Insomma per tutti questi professionisti dell’informazione la rivoluzione dei padri va descritta attraverso le loro azioni. Sono queste che si vedono, che sono tangibili, che possono essere mostrate in tv o in un servizio fotografico.

A questo punto la giornata tipo di un papà attivo, partecipe e presente in casa diventa una cosa da filmare, da condividere, da far sapere. Non so di chi sia la colpa, se di chi fa informazione, di chi guarda con la voglia di spiare la vita dell’altro o degli uomini che si prestano dimenticando pure che qualsiasi cosa facciano in casa sicuramente non sarà fatta secondo gli sta
ndard mondiali della madre regina.

E come se non bastasse i titoli di questi grandi pezzi di informazione sono una cosa tipo “E’ l’ora dei padri materni”, “Il mammo 2.0”, “Padri poco virili?” “Papà e la guerra degli elettrodomestici”.

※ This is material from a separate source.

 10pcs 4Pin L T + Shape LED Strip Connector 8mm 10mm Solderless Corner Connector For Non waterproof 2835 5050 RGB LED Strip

Ora non voglio certo dire che i padri sanno ad occhi chiusi quale sia il programma della lavatrice per le lenzuola oppure che in casa si dividono le cose da fare al 50%, ma sicuramente posso dire che c’è una rivoluzione in atto che li vede protagonisti rispetto alla famiglia.

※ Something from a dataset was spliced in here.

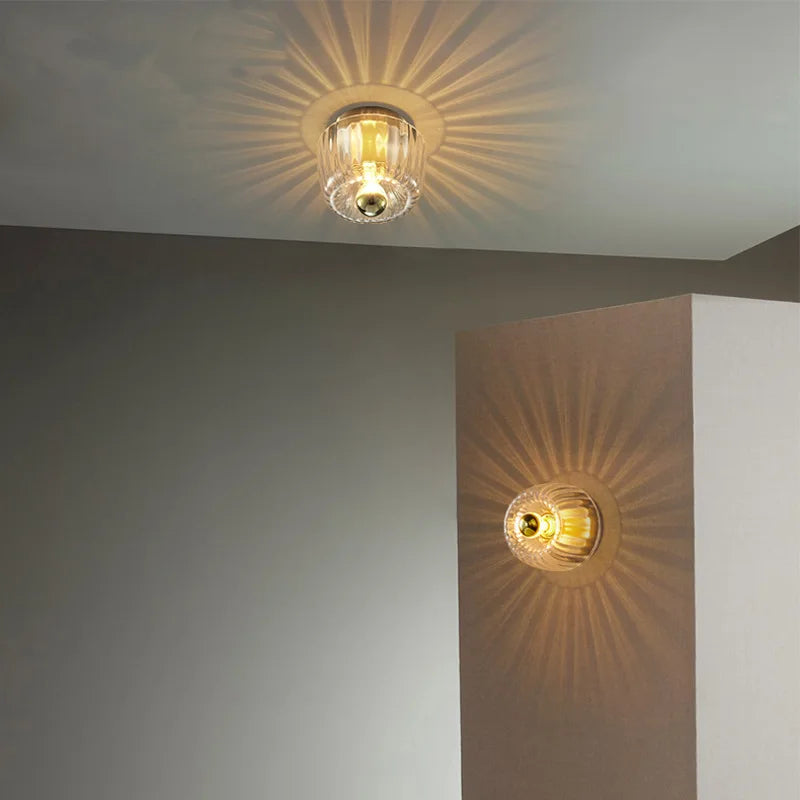 Mirador | Clear Glass Ceiling Light with Ribbed Design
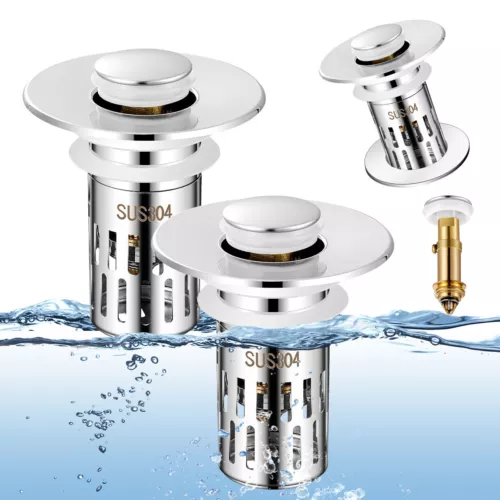 Universal Bathroom Sink Stopper Drain Strainer Pop Up Drain Stopper Stainless - Picture 2 of 20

Sia chiaro non parlo di quei padri che per fare i fighi e i moderni si vestono come i figli avendo 30 anni di differenza oppure di quelli che pensano che essere amico e confidente dei figli sia il segno di una rivoluzione perché i loro genitori non lo facevano.
Il cambiamento parte dalle parole, dal linguaggio che si usa per manifestare le proprie emozioni.

Oggi i padri condividono sentimenti, parlano delle loro paure, piangono di gioia, educano senza ammonire, chiedono perdono, spiegano quello che accade in casa e fuori casa, partecipano alle scelte, si confrontano, ma la cosa straordinaria è che tutto questo lo raccontano al mondo mentre svolgono azioni quotidiane. La rivoluzione è che questo racconto non avviene più solo ad opera di pochi attraverso romanzi, saggi, film, poesie, canzoni e opere teatrali, ma da parte di tutti.

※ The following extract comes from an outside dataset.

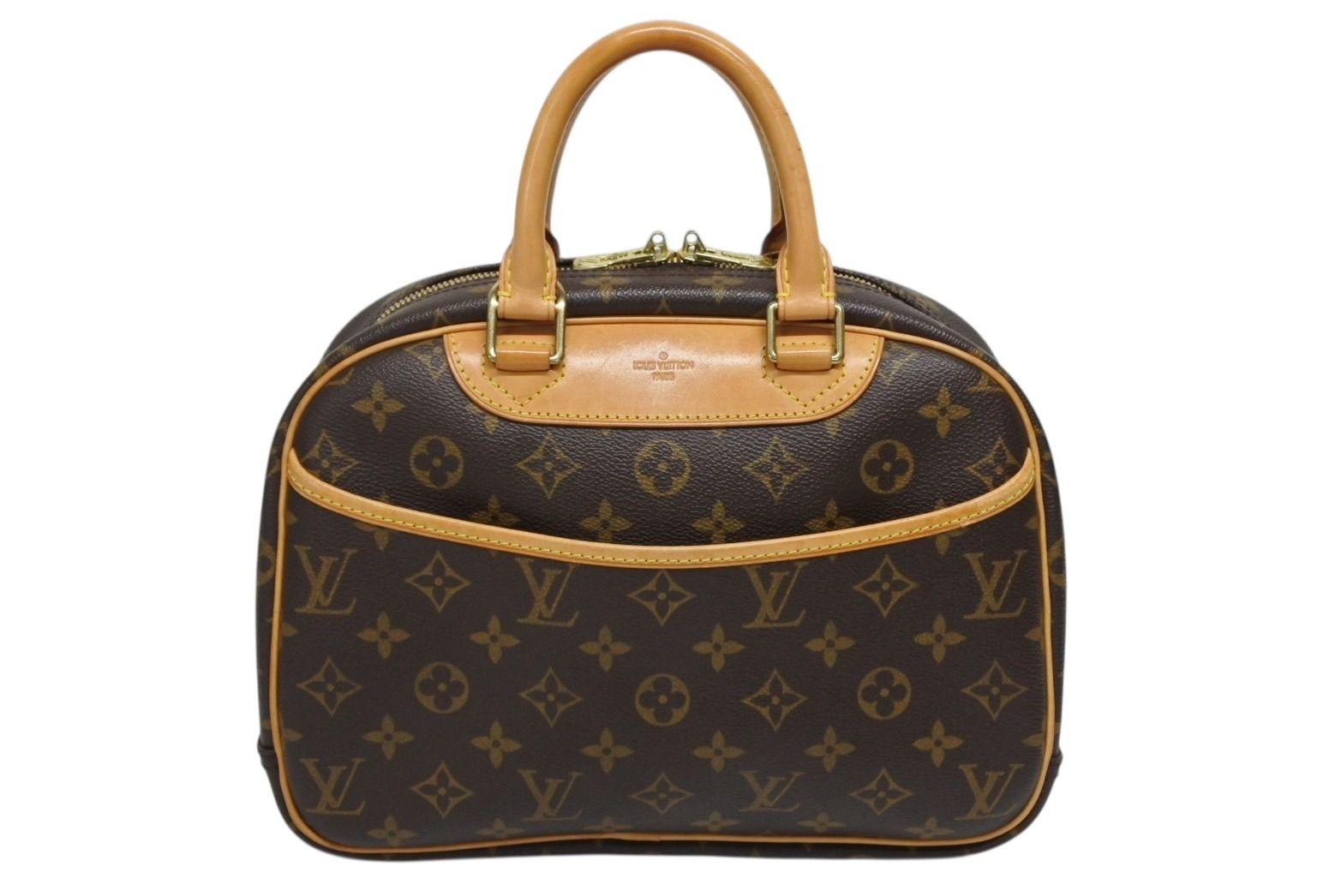 Louis Vuitton Trouville Handbag Monogram Brown Leather Gold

Nei bar, sulle chat, il sabato sera, sui blog, per strada e anche al supermercato gli uomini raccontano le loro avventure familiari, le loro emozioni contrastanti, le loro preoccupazioni e le loro gioie. E poiché questa cosa fin a qualche tempo fa era una prerogativa delle donne allora si ha il diritto di chiamare un papà “mammo”, come se fosse una concessione che le donne ci hanno fatto. Credo che le mamme non siano d’accordo, anzi qualcuna obietta pure (a profonda ragione) che come al solito ci abbiamo impiegato un bel po’ di tempo.

Non è facile indagare il profondo di un uomo, ancora più difficile è spettacolarizzarlo, a quel punto non puoi che aspettarlo fuori al supermercato per mostrare a tutto il mondo, come se fosse uno scoop, cosa c’è nella sua sacca della spesa o per farti aprire le porte di casa e farti mostrarti come si stende una lavatrice di intimo.